2020年8月6日木曜日

『なぜ君は総理大臣になれないのか』-問いが成立するためには

 まず先に映画を観るという企画があり、上映館も決まっており、そこで上映中の映画で観たいと思えるのはこれしかなかったという理由で選んだのだった。ネットで検索してみると森達也のレビューがあったりもして、観たいとも思えたし、これがこの後、テレビ放送されそうな予想はできないし、レンタル屋に並ぶかどうかも怪しい。見ておこうと思った。
 で、大いに成功だった。ものすごく面白かった。

 申し訳ないが小川淳也はこれで初めて知った。そういえば「統計王子」というのが話題だという話を聞いたような気もするが、気のせいかもしれない。
 香川県から出馬している衆議院議員の、32歳の初出馬から17年後の今までを追ったドキュメンタリー。出馬の時のインタビューで「総理大臣になりたいか」と問われて「やるからには」と答えているが、毎回の選挙で勝つのも容易ではないし、党内での出世もままならないまま17年経つ。
 真っ当な人だった。真っ当に、良かれと思ったことをやり続けている。だが、総理大臣になれそうな見込みはいっこうに現実化しない。
 様々な局面で様々に思い悩み、何事かを決断していく。報われることもあるが、報われないことも多い。状況は様々な要因の絡み合いで動いていく。様々な人々の思惑のぶつかりあいや、小川本人の義理人情や。そうした現実の手触りを巧みに描いている。よくできたドキュメンタリー作品だ。人間状況世界がきちんとそこにある。
 民主党(民進党)系であることから、「希望の党」合流騒ぎに巻き込まれる2017年の衆院選が映画全体のクライマックスになっていて、構成としてもドラマチックに見せる。慶應義塾大学経済学部教授の井手英策氏の応援演説は感動的で、劇中でも本人や家族が演説中に涙ぐむ様子が映されるが、見ているこちらも泣かされた。
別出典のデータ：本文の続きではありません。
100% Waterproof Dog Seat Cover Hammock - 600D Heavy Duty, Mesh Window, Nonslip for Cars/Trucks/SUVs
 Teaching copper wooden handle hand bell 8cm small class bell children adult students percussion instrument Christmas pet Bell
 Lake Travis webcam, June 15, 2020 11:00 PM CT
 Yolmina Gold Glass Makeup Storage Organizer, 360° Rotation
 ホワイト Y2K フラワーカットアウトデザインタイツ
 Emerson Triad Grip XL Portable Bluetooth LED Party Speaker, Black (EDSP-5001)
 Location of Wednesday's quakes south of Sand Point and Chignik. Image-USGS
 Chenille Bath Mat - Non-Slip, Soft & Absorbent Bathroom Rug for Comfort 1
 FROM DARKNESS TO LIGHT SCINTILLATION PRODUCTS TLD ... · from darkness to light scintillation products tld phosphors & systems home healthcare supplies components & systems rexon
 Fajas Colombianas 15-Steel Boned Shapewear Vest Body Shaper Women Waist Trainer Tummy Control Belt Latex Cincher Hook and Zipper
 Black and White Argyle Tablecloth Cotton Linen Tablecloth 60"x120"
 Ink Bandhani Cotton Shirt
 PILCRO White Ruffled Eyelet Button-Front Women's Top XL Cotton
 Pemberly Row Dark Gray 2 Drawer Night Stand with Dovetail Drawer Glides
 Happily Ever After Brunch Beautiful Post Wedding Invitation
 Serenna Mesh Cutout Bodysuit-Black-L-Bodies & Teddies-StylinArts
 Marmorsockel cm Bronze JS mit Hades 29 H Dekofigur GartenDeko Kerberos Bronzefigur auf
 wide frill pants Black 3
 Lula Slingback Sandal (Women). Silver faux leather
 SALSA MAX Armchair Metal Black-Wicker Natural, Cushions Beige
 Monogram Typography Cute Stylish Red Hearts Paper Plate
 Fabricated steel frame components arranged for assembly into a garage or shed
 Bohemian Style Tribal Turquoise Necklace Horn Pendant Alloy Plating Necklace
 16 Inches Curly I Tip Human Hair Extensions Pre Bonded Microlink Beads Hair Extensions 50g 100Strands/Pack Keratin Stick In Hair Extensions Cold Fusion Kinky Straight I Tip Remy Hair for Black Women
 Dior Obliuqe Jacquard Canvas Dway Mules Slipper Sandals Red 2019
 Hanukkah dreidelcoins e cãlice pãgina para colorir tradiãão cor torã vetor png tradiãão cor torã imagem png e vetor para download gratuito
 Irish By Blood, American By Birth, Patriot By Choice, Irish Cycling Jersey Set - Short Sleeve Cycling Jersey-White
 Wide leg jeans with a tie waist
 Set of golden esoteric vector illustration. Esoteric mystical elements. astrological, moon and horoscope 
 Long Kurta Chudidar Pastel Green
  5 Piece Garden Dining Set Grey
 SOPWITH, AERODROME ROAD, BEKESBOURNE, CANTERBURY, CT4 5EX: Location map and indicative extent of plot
 政治論としても実に興味深い様々な要素を見せてくれるのだが、やはり映画全体の面白さは小川の人柄に依拠している。単に魅力的だということではない。
 総理大臣をやるということが現実的である思えるほどに有能で、それにふさわしい人格も兼ね備えて、そこを目指してもいるのに決して現実化しそうもないのがなぜなのか。そうした問いが本当に成立するためには、小川という存在が不可欠なのだ。
 どこぞの泡沫候補やタレント議員ではこの問いは成立しない。
 あるいは政党内の力関係や財力で当選している議員でも。
 あるいは、地方議会で地域の人々のために良い仕事をします、という議員では。
 「なれない」ことが当然であると思えてしまうのでは。
 例えば石破茂が「なぜ総理大臣になれないのか」という問いは、それはそれで成立するし、それを本当に追ったドキュメンタリーは相当に面白くなるだろう。
 小川もまたこの問いが成立すると思える政治家であり、なおかつとりあえずはなれるはずもないとしか思えない。
 そしてそれは監督がネットで言っていたが確かに、小川を総理大臣にさせられない我々国民の問題である。